Peele semble avoir pris au mot la romancière Zadie Smith, qui écrivait pour signifier sa seule réserve à propos de Get Out : « Lobotomies are the cleanest cut ; real life is messier » (« les lobotomies sont une coupe nette ; la vie réelle est plus sale »)3. L’impureté est clairement de mise dans Us, en surface avec les mutilations des chairs et les giclées de sang, et plus encore dans le fond, le propos du film n’offrant ni distribution limpide des protagonistes entre bons et méchants, ni résolution rassurante. Le cinéaste reproduit des codes éprouvés du cinéma d’horreur pour mieux les pervertir, pour aboutir au même résultat que Ridley Scott dans son récent Alien Covenant : prendre le contre-pied du point de vue que l’on tenait pour acquis. Les personnages principaux de Us, la famille Wilson, sont pris pour cible par leurs doppelgängers armés de ciseaux, mais dans leur lutte contre ces monstres, notre identification aux héros est constamment mise à mal. Elle est entaillée par leur attitude avant et pendant la traque, teintée d’égoïsme et de matérialisme (on les voit jalouser leurs voisins encore plus opulents qu’eux-mêmes le sont déjà, puis céder à la tentation de profiter des évènements dramatiques pour s’approprier leurs signes extérieurs de richesse, bateau, maison, voiture), ainsi que d’une propension à la sauvagerie meurtrière désinhibée qui se révèle aussi forte que chez leurs adversaires.
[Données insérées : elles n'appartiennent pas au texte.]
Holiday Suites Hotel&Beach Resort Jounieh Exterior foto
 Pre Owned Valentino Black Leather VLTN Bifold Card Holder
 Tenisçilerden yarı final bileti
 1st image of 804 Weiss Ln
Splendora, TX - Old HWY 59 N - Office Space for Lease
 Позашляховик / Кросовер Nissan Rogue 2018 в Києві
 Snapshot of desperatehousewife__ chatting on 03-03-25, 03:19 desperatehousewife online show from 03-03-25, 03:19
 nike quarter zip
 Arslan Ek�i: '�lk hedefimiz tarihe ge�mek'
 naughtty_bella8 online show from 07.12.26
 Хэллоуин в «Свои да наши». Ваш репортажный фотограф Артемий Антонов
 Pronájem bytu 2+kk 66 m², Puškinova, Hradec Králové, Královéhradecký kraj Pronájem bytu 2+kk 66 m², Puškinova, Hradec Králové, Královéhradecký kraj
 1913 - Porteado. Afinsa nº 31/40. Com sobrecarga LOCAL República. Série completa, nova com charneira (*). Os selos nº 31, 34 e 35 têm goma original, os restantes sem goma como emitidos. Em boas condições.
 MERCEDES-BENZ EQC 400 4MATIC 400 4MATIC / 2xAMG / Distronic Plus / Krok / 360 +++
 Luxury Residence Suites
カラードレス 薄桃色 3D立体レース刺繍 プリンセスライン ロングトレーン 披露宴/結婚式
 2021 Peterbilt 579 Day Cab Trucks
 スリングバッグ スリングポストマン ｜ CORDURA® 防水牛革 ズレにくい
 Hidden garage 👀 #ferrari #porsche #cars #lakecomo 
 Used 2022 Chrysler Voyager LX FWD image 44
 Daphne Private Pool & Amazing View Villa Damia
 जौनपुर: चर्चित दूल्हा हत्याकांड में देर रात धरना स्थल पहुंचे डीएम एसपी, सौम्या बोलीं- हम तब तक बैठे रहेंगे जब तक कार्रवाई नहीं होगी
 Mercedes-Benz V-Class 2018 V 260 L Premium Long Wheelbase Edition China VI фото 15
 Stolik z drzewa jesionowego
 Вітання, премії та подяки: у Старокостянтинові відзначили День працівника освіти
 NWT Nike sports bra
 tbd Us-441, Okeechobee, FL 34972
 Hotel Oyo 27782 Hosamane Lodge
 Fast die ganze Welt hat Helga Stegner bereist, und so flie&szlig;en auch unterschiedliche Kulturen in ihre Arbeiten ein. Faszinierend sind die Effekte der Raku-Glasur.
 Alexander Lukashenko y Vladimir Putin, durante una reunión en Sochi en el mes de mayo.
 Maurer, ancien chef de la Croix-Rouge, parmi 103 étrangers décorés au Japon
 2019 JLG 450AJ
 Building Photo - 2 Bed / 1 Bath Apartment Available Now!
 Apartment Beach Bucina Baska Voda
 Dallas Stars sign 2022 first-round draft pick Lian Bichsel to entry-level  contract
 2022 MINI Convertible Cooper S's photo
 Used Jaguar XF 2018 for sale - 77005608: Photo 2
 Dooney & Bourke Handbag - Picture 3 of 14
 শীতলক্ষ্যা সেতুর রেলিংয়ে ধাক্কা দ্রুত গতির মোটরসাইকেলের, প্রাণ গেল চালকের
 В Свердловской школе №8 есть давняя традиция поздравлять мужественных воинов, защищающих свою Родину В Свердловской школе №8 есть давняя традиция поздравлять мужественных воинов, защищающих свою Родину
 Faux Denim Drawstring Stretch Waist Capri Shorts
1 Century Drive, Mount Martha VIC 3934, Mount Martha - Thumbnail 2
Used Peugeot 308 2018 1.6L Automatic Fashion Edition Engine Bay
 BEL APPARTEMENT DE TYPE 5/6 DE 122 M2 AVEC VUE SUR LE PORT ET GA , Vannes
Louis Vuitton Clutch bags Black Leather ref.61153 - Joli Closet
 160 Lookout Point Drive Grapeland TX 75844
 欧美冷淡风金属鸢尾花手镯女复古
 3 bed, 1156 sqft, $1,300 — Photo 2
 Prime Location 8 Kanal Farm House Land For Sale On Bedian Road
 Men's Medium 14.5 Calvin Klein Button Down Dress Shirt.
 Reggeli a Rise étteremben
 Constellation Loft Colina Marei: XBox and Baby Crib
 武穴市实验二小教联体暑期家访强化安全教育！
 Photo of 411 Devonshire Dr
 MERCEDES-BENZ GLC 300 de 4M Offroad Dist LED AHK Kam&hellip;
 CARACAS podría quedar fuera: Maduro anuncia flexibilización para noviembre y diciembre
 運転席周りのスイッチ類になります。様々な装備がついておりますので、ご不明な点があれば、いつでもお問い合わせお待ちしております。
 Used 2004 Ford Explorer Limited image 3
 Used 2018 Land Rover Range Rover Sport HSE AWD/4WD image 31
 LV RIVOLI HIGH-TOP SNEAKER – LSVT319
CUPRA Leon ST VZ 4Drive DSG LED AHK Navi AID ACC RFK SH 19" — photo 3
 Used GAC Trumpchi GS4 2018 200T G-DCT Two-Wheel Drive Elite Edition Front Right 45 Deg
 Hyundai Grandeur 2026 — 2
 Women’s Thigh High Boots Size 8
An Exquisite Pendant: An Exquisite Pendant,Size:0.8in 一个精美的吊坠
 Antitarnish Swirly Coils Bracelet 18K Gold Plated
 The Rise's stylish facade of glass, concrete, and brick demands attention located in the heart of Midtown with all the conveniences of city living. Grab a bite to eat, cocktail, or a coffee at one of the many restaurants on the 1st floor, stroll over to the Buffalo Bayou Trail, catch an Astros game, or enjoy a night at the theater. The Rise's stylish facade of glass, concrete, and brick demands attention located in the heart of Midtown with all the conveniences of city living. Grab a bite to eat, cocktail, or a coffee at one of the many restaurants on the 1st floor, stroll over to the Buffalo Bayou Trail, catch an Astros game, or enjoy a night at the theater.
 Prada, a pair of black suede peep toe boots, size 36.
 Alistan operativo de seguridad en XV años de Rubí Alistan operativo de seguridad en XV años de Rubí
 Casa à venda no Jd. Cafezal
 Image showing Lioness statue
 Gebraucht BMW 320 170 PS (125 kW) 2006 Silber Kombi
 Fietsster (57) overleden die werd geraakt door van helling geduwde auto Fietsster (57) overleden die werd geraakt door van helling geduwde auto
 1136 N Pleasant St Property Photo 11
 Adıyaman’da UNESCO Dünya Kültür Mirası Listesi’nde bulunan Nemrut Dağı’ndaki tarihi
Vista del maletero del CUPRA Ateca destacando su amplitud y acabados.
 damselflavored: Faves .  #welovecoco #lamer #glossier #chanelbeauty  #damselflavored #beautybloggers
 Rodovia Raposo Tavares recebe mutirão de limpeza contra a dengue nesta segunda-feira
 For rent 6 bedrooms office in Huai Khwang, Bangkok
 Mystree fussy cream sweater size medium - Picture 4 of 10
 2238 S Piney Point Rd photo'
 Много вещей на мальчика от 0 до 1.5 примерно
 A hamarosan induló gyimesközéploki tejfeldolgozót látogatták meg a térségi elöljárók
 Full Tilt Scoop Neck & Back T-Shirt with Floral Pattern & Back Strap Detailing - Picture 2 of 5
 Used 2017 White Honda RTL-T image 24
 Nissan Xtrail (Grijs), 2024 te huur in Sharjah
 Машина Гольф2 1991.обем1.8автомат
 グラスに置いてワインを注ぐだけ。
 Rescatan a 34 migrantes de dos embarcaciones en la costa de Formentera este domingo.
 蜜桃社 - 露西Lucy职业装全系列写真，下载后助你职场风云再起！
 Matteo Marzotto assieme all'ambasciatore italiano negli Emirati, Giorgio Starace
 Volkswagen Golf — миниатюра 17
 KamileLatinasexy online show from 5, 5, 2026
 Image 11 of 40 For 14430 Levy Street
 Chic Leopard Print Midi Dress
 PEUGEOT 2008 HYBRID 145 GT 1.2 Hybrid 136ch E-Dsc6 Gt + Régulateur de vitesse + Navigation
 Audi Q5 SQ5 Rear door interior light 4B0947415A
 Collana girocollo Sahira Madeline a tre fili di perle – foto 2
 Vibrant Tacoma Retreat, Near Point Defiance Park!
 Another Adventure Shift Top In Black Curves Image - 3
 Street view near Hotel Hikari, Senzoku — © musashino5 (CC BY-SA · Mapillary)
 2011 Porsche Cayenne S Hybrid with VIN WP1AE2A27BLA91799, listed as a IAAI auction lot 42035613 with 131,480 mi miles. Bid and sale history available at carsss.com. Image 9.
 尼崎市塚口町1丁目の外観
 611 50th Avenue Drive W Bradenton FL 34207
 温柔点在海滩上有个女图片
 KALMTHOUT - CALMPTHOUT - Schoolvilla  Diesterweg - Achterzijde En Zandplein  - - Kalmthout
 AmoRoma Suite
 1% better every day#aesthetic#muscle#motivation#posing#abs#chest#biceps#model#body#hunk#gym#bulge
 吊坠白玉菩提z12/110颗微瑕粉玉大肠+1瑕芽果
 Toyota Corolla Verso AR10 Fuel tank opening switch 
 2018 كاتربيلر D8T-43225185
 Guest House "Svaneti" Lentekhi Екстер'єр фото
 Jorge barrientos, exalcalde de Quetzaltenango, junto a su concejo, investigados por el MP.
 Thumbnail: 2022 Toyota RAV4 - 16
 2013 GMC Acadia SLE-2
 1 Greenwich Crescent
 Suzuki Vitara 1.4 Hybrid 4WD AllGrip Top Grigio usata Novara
Jordan Peele reproduit des codes éprouvés du cinéma d’horreur pour mieux les pervertir, pour aboutir au même résultat que Ridley Scott dans Alien Covenant : prendre le contre-pied du point de vue que l’on tenait pour acquis

Cette fissure dans nos certitudes sur le positionnement à adopter face au film, devient une faille béante quand Peele joue cartes sur table et révèle tous les tenants et aboutissants de son intrigue. L’affrontement entre les deux versions de la famille Wilson est la pointe émergée d’une lutte globale, entre ceux du dessus et ceux d’en-dessous. L’imagerie riche en symboles déployée par le cinéaste fait que cette lutte embrasse toutes les formes d’exploitation et d’oppression, depuis l’esclavage jusqu’aux fractures du présent générées par le néo-libéralisme, entre les fortunés et les exploités. Les niveaux intermédiaires pour maintenir le lien entre les extrêmes se délitent, et sont absents du film où l’on ne trouve que des nantis évoluant dans leur bulle (et aveugles au fait que celle-ci est rongée de l’intérieur), et des êtres dont l’on a nié avec force et depuis des années l’existence, l’essence. À force de les priver de tout, on les a privés de la possibilité d’une réponse qui ne soit pas elle-même d’une violence excessive, face à la violence et à l’effacement qui leur sont infligés. À la fin de Us, une fois soulevé son masque de film d’horreur mené avec maestria, s’étend devant nous une zone grise où tout le monde est bourreau et victime, violent et implorant. Et un propos politique acide, reflet du cul-de-sac où nous nous trouvons, de chaque côté de l’Atlantique, dans des sociétés clivées, agressives, où les issues positives sont devenues des chimères.

1 N’étant ni une adaptation, ni une suite ou un remake.

2 La voix de la version maléfique de l’héroïne est également abîmée, pour exprimer son rapport brisé au monde.

3 La lobotomie est la technique employée par les méchants de Get Out pour transplanter une âme dans le corps d’une de leurs cibles. Zadie Smith reprend cet élément du récit pour signifier que la distinction manichéenne entre bourreaux blancs et victimes noires, bien que valide, est une simplification par rapport au monde réel (son texte est disponible ici).